Joar took this very badly, because he was covered in soap, for God’s sake, his clothes had never been cleaner! Ali snorted:
“Did you see that girl’s hair, it was perfect! How does she get it to look like that? Does she sleep standing up or what? Do elves fly in through her window every morning and sew her clothes onto her body?”
“Elves can’t fly, you idiot,” Joar replied confidently.
So an argument broke out between him and Ali about whether or not elves had wings. Ali was convinced that they did. Joar was sure they lived in the forest and had bows and arrows. Ali muttered something to him, possibly involving the words “stupid donkey,” so they had a fight. As usual. They were interrupted by a shriek, but it wasn’t from Ali or Joar, it came from the stairwell. It turned out that the girl with the perfect hair had slipped and fallen, because some idiot had left soap all over the steps.
And that was how it all started. Coincidence.
The following day the girl with the perfect hair came to school with a pair of crutches. “My foot’s broken!” she told the teachers very seriously, because she had quickly realized that was a way of getting out of gym class. Because the girl with the perfect hair hated gym class because you had to share a changing room with girls who weren’t perfect, and that could be contagious. So her foot was broken for two whole days, until she sadly suffered sudden memory loss because a cute dog walked past the window of the cafeteria.
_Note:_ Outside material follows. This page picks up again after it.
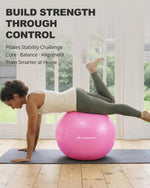 Trideer Exercise Ball for Yoga, Pilates & Fitness – Stability Ball Equipment for Home Gym & Office Chair, Core & Balance Training Accessories, Physical Therapy Equipment, Quick Pump Included, 5 Sizes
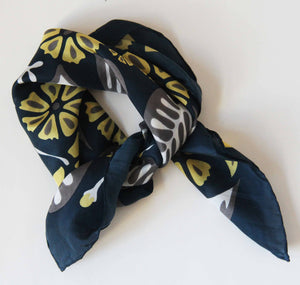 Foulard in seta Tahiti Blu Giallo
The girl with the perfect hair ran out to pet it, but forgot to take her crutches with her.
It was, in her defense, an insanely cute dog. Even Ted, who felt much the same about dogs as the girl did about gym class, had to admit that. It looked like a teddy bear made of flesh, which might not sound very cute, but it really was. Either way: this was a school, and if there’s one thing everyone knows about schools, it’s that a pair of crutches left unattended in a room will, sooner or later, end up on a roof. Which some of the classmates of the girl with the perfect hair and the not-so-broken foot quickly accomplished.
That’s why a very old man who worked as a janitor at the school had to climb up and get the crutches. This was in the spring, but no one had told winter, so the temperature was still below freezing at night, and there was still ice on the roof. So the elderly janitor ended up in the hospital after falling and breaking his foot for real.
And that was how a young man who would change the world got a job as a temporary janitor.